Given $\vec{a} = < 0 , 1 , 3 >$ and $\vec{b} = < 0 , 4 , 4 >$, we can find $p r o {j}_{\vec{b}} \vec{a}$, the vector projection of $\vec{a}$ onto $\vec{b}$ using the following formula:

$p r o {j}_{\vec{b}} \vec{a} = \left(\frac{\vec{a} \cdot \vec{b}}{| \vec{b} |}\right) \frac{\vec{b}}{|} \vec{b} |$

That is, the dot product of the two vectors divided by the magnitude of $\vec{b}$, multiplied by $\vec{b}$ divided by its magnitude. The second quantity is a vector quantity, as we divide a vector by a scalar. Note that we divide $\vec{b}$ by its magnitude in order to obtain a unit vector (vector with magnitude of $1$). You might notice that the first quantity is scalar, as we know that when we take the dot product of two vectors, the resultant is a scalar.

Therefore, the scalar projection of $a$ onto $b$ is $c o m {p}_{\vec{b}} \vec{a} = \frac{a \cdot b}{| b |}$, also written $| p r o {j}_{\vec{b}} \vec{a} |$.

We can start by taking the dot product of the two vectors:

$\vec{a} \cdot \vec{b} = < 0 , 1 , 3 > \cdot < 0 , 4 , 4 >$

$\implies \left(0 \cdot 0\right) + \left(4 \cdot 1\right) + \left(4 \cdot 3\right)$

$\implies 0 + 4 + 12 = 16$

Then we can find the magnitude of $\vec{b}$ by taking the square root of the sum of the squares of each of the components.

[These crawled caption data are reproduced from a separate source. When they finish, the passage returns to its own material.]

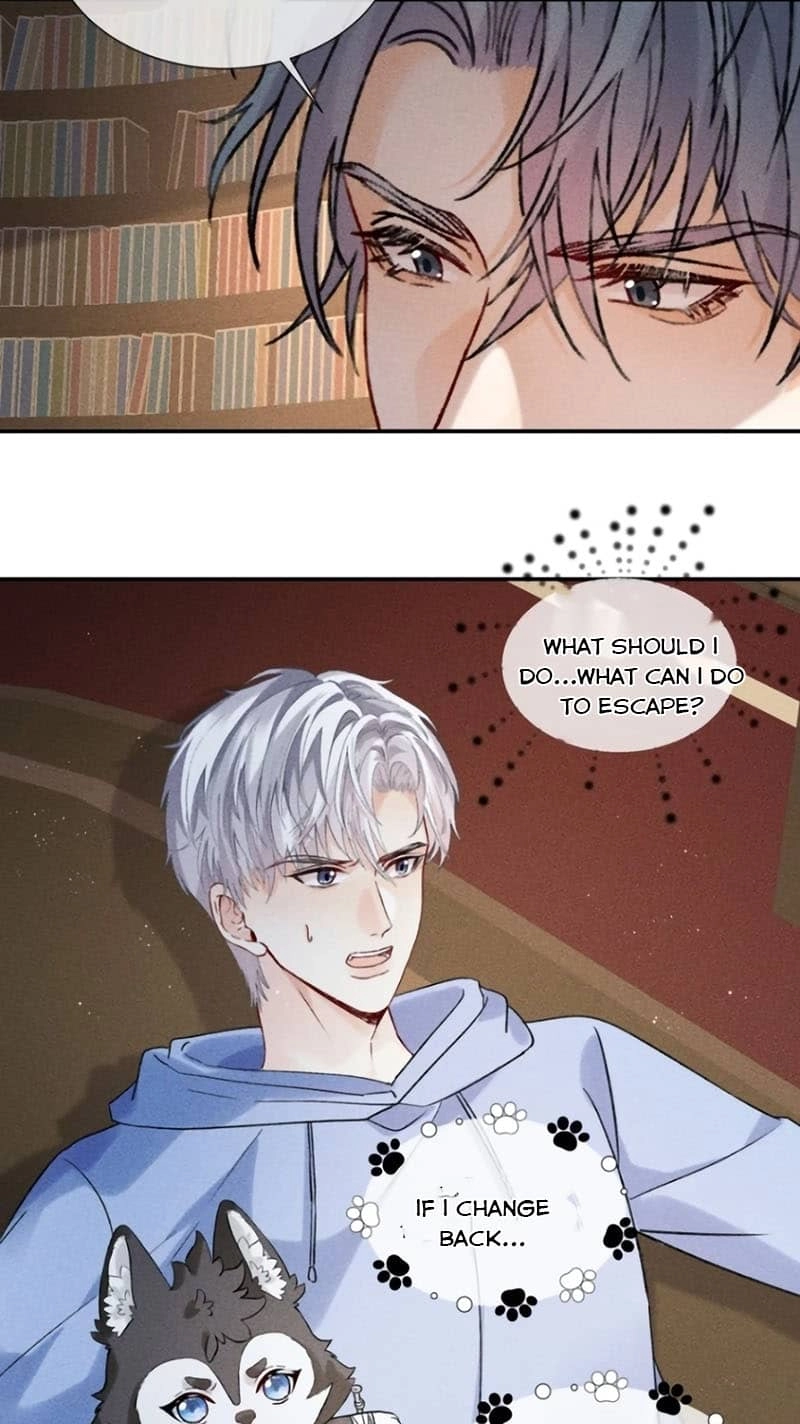 Read Acknowledging Enemy as Daddy chapter 32 image 7 on Lezhin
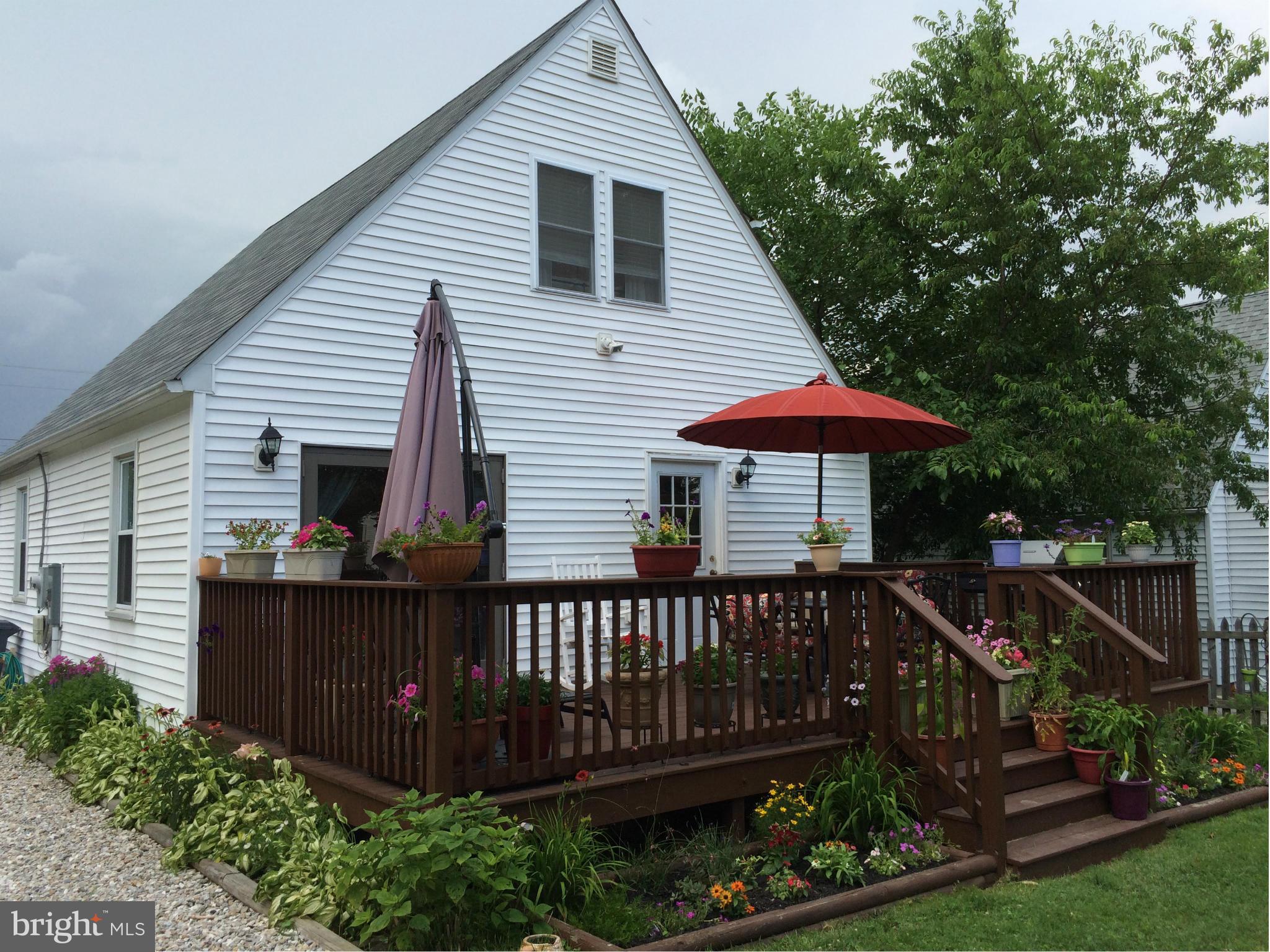 1817 Clearwood Road Baltimore, MD 21234 - Photo 22 of 27 Rear Deck is Perfect for Entertaining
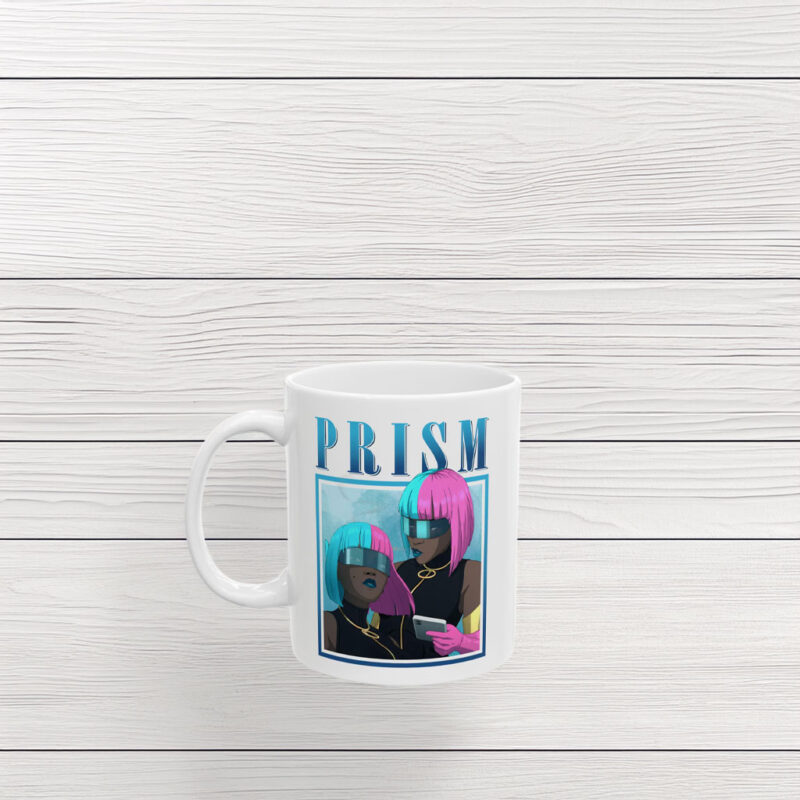 Prism Dispatch Gaming Mug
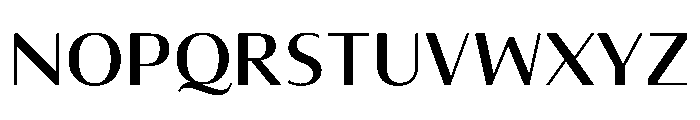 MaskulHigh Medium Font UPPERCASE
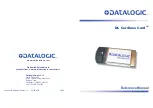 Preview for 55 page of Datalogic DL Cordless Card DLCC Reference Manual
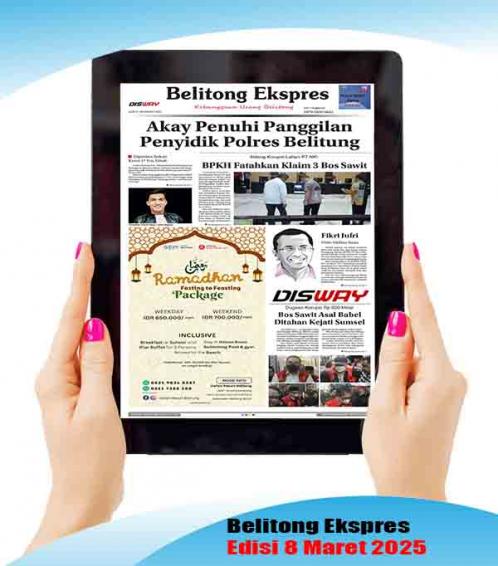 Belitong Ekspres 8 Maret 2025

$| \vec{b} | = \sqrt{{\left({b}_{x}\right)}^{2} + {\left({b}_{y}\right)}^{2} + {\left({b}_{z}\right)}^{2}}$

$| \vec{b} | = \sqrt{{\left(0\right)}^{2} + {\left(4\right)}^{2} + {\left(4\right)}^{2}}$

$\implies \sqrt{0 + 16 + 16} = \sqrt{32}$

And now we have everything we need to find the vector projection of $\vec{a}$ onto $\vec{b}$.

$p r o {j}_{\vec{b}} \vec{a} = \frac{16}{\sqrt{32}} \cdot \frac{< 0 , 4 , 4 >}{\sqrt{32}}$

$\implies \frac{16 < 0 , 4 , 4 >}{32}$

$\implies \frac{< 0 , 4 , 4 >}{2}$

$\implies < 0 , 2 , 2 >$

The scalar projection of $\vec{a}$ onto $\vec{b}$ is just the first half of the formula, where $c o m {p}_{\vec{b}} \vec{a} = \frac{a \cdot b}{| b |}$. Therefore, the scalar projection is $\frac{16}{\sqrt{32}}$, which further simplifies to $2 \sqrt{2}$. I've shown the simplification below.

$\frac{16}{\sqrt{32}}$

$\implies \frac{16}{\sqrt{16 \cdot 2}}$

$\implies \frac{16}{4 \cdot \sqrt{2}}$

$\implies \frac{4}{\sqrt{2}}$

$\implies \frac{4 \cdot \sqrt{2}}{\sqrt{2} \cdot \sqrt{2}}$

$\implies \frac{4 \sqrt{2}}{2}$

$\implies 2 \sqrt{2}$

Hope that helps!